(Edit: Reading over it again, I realize that this may be read as criticism. To clarify, while I disagree with Meyer on some things, this isn't about disagreement. He is a teacher at heart – in fact, a very good teacher – and you can see some of his habits for keeping students engaged sometimes carry over into his writing.)
You don't see this approach really anymore, because these days it's so cheap to just generated unoptimized native code if compilation speed is an issue.
Obviously, if you have a JIT-compiler, then something similar happens internally in that some methods will be compiled, while others will be left in IR form (and sometimes, methods will even revert to using their IR). This was technology from back when CPU speed was still expressed in MHz.

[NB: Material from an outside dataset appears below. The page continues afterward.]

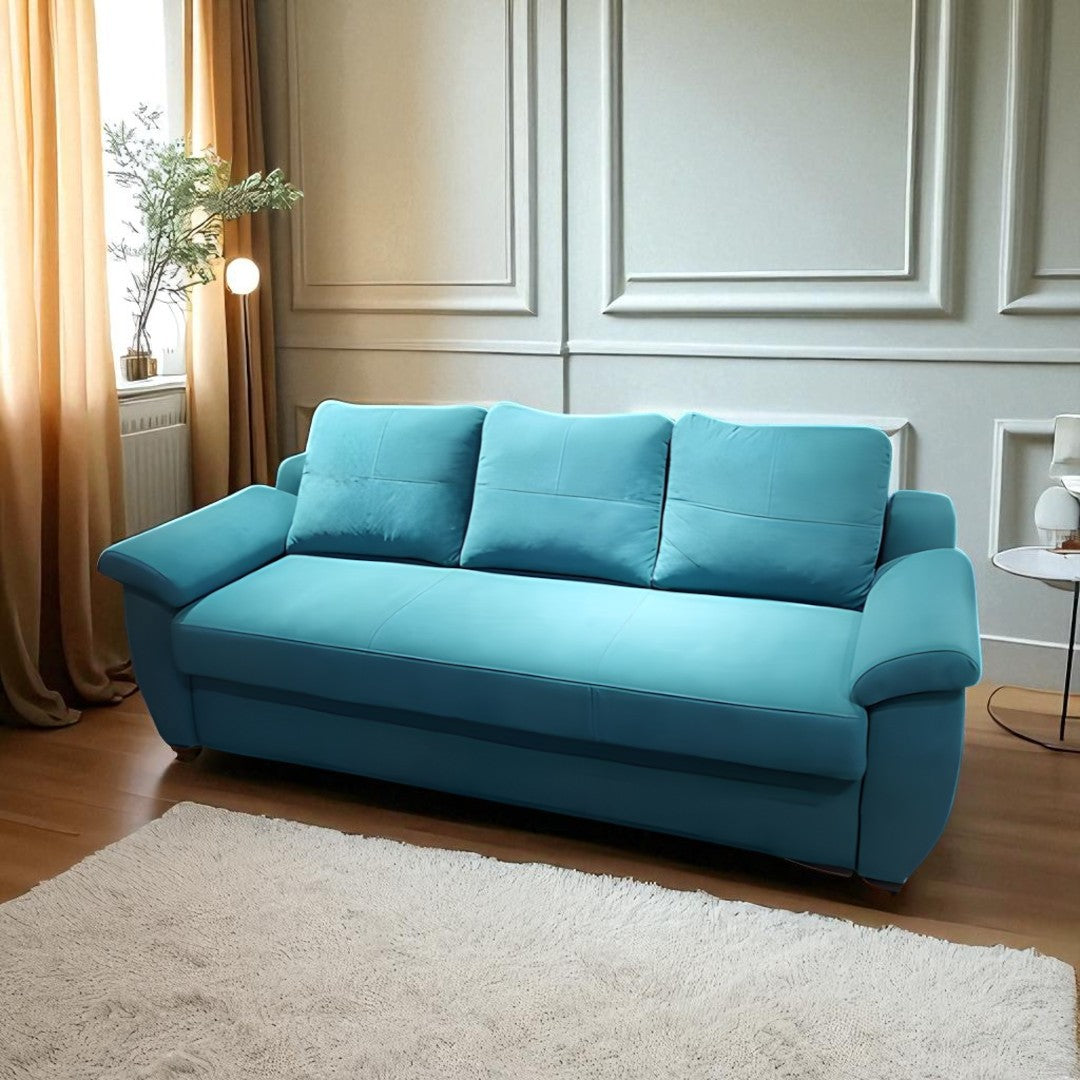 Canapea extensibila Havana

OCaml had and still has both a bytecode and a native code format (for similar reason), but they cannot be mixed. OCaml's bytecode still sees use for (1) the bootstrap process, which allows you to build OCaml from scratch, (2) to run OCaml code on oddball architectures that the native compiler doesn't support, (3) to run code in the timetraveling debugger, and (4) when you need compact rather than fast executables.
OCaml's bytecode interpreter makes use of the fact that OCaml is statically typed and therefore doesn't incur nearly as much of a performance penalty as bytecode interpreters for dynamically typed languages.
>Obviously, if you have a JIT-compiler, then something similar happens internally in that some methods will be compiled, while others will be left in IR form (and sometimes, methods will even revert to using their IR).
I was going to say (in my parent comment to which you replied) that maybe that Eiffel's Melting Ice tech is something like Java JIT tech, but wasn't sure if they were the same thing.